**Exercise prompt:** Among the lines below, output only those between the line holding "Magdalena Křesťanová Jsem z toho jelen" and the line holding "23 página 6", inclusive, exactly as written and with no pictures.

**Source records:**
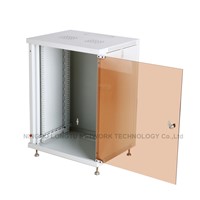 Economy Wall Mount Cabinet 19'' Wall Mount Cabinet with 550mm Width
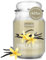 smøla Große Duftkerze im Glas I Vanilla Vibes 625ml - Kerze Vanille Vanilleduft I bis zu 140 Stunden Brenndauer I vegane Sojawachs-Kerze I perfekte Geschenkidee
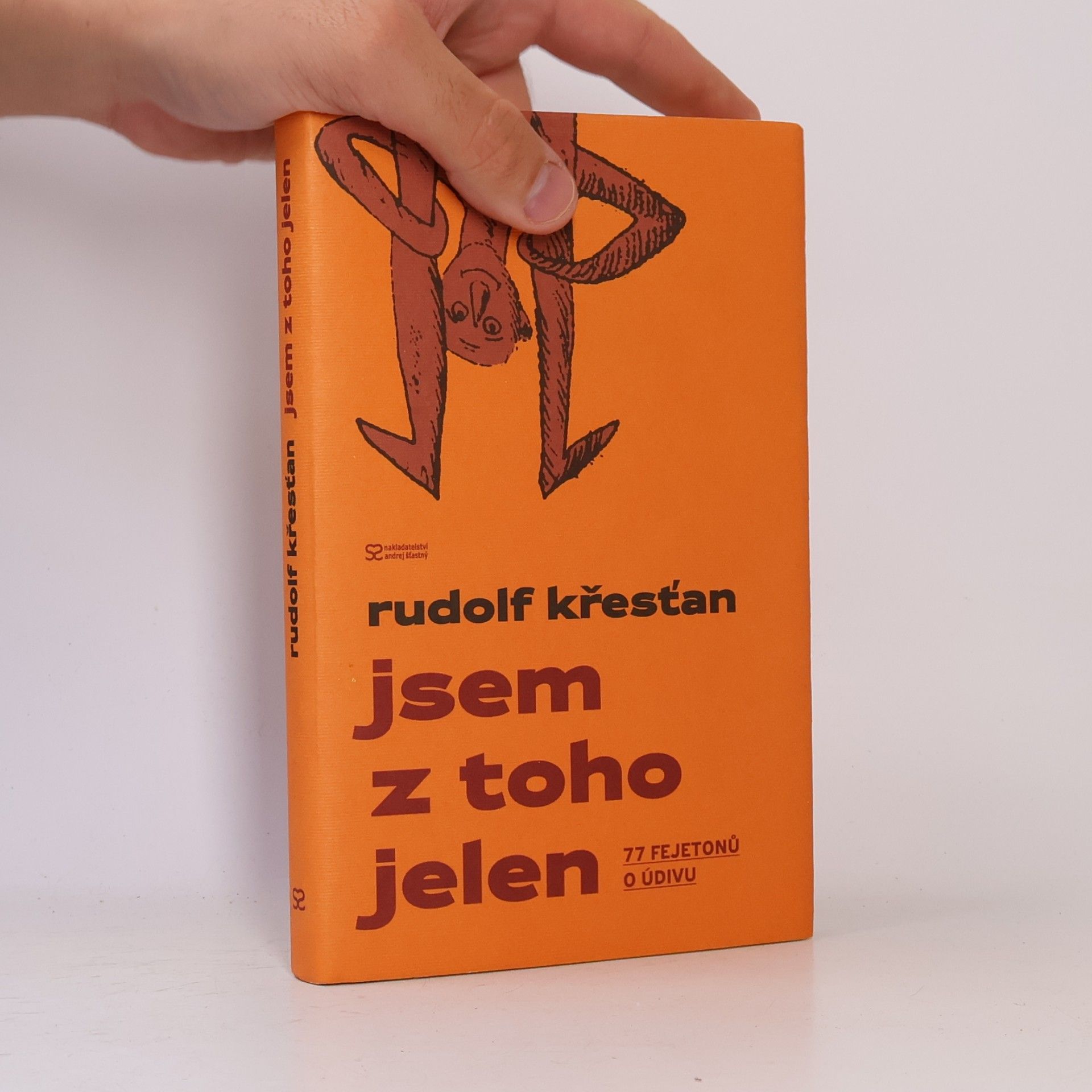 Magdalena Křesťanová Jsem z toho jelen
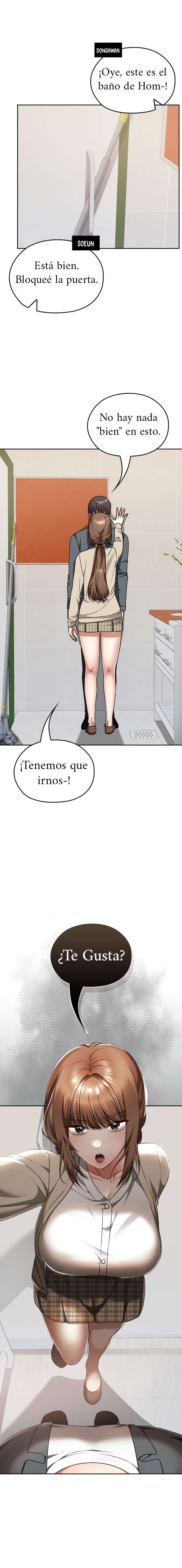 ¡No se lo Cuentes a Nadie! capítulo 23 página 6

--

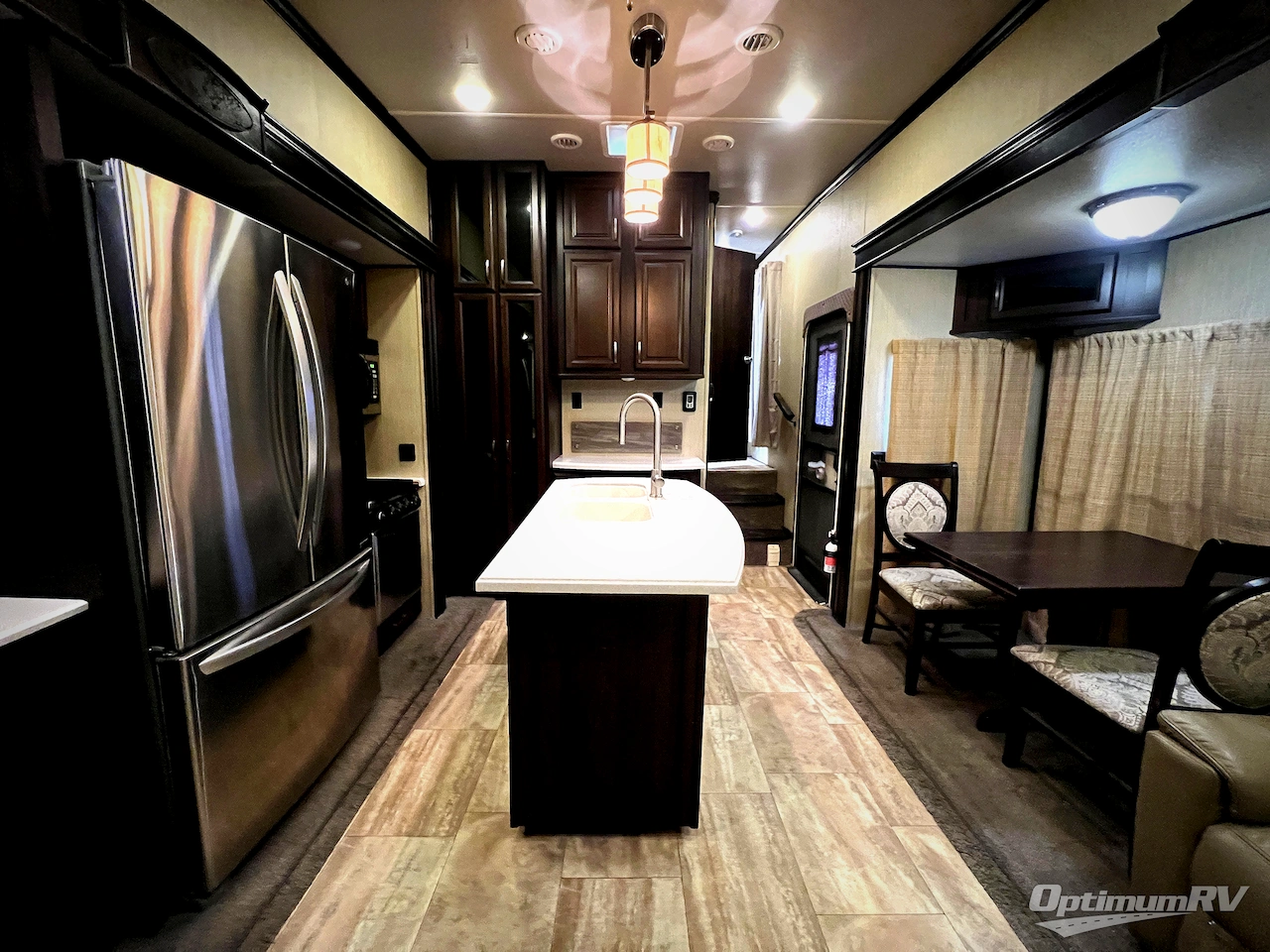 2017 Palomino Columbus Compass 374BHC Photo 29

* * *

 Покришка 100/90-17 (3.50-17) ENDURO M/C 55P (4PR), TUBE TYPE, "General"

**Your response:**
 Magdalena Křesťanová Jsem z toho jelen
 ¡No se lo Cuentes a Nadie! capítulo 23 página 6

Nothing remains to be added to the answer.